Dans la fameuse séquence du film où son œil se déplace à l’intérieur d’une photo, Rick Deckard (Harrison Ford) remarque le personnage de Zhora, allongée et probablement endormie ; on peut légitimement se demander ce qui anime les songes de cette réplicante : de quoi sont peuplés ses rêves, et dans le cas où un androïde peut en avoir, si ces rêves ont une influence sur l’accomplissement des missions pour lesquelles elle a été programmée. Une autre réplicante, Pris,  apparaît parfois comme distraite dans la ville totalement dévastée de Los Angeles ; ici, distraite doit d’abord s’entendre au sens d’étourdie : dans un mouvement de fuite, elle se prend la vitrine d’un magasin de plein fouet (en fait, les réplicants ne perçoivent pas les supports transparents). Mais elle est aussi et surtout distraite en un autre sens : par le sentiment amoureux qui la lie à Roy Batty, le réplicant le plus parfait selon son concepteur, qui l’aime d’amour lui aussi. Quoi que de plus dangereux pour la Tyrell Corporation qu’un.e réplicant.e qui tombe amoureux d’un.e autre ? L’amour, peut-être la distraction par excellence…
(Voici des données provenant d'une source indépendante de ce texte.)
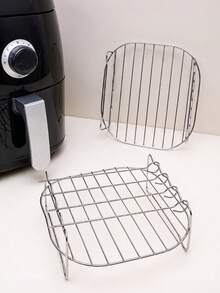 1PC Stainless Steel Air Fryer Skewer Rack With Sticks, Multi-Layer Square Barbecue Grill Stand, Detachable Raised Support Frame, Heat Resistant Non-Rust Roasting Accessory For Meat Vegetable Skewers, Easy Clean Kitchen BBQ Cooking Tool - Silver - View 6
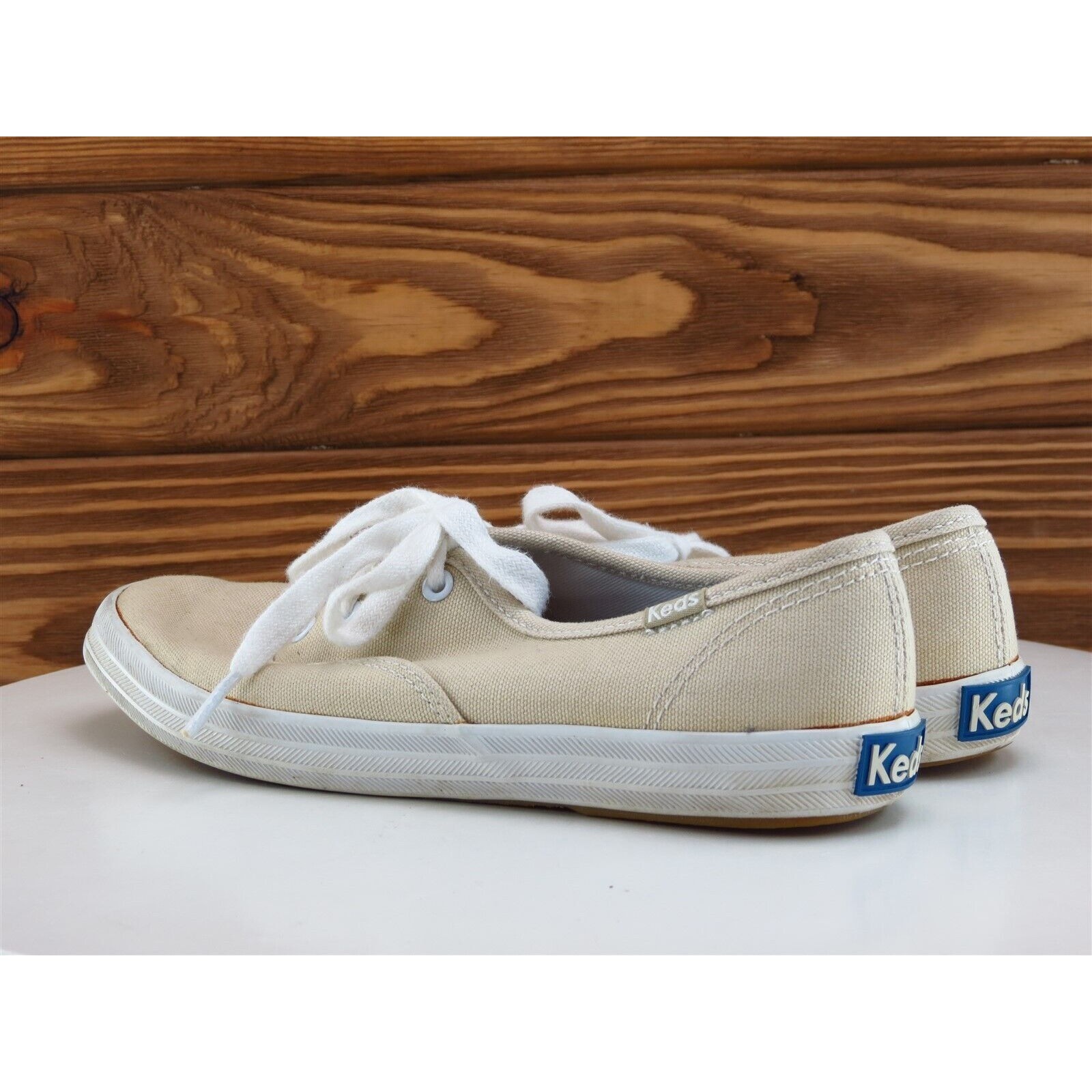 Keds Size 4.5 Sneaker Beige Fabric Medium (B, M) Lace Up Women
Pris & Roy (Daryl Hannah & Rutger Hauer) in Blade Runner dir. Ridley Scott, 1982



Roy, pour sa part, livrera à la fin du film un monologue demeuré célèbre où, au moment de mourir, il déclare à Deckard : « J’ai vu tant de choses que vous, humains, ne pourriez imaginer… Des navires de guerre en feu, surgissant de l’épaule d’Orion… J’ai vu des rayons C briller dans l’obsucrité, près de la Porte de Tannhäuser… Tous ces moments se perdront dans le temps… ». Là encore, comment pourrait fonctionner la mémoire de cet homme-machine, et quelles seraient ces images mentales qui se confondent avec des souvenirs jaillissant dans ses derniers instants ? L’émotion non expressive du personnage crée une vraie force disruptive à l’écran, laquelle rend inopérant le programme de la Tyrell supposé contrarier toute émotion de ce type, c’est-à-dire ce qui distrait Roy de ce que pour quoi il a été engendré. Il serait erroné de croire que le réplicant devient un humain au moment de la mort. Tirer le fil de la distraction dans Blade Runner permet d’avancer une autre hypothèse : à l’intérieur d’un monde anéanti où les humains ressemblent eux-mêmes à des automates – ils marchent mécaniquement, ils ne se regardent plus les uns les autres, ils sont gavés de publicités, etc. –, les réplicants sont peut-être là pour rappeler la nécessité de puiser, dans les menues distractions de nos formes de vies, les mille façons d’échapper à un ordre établi.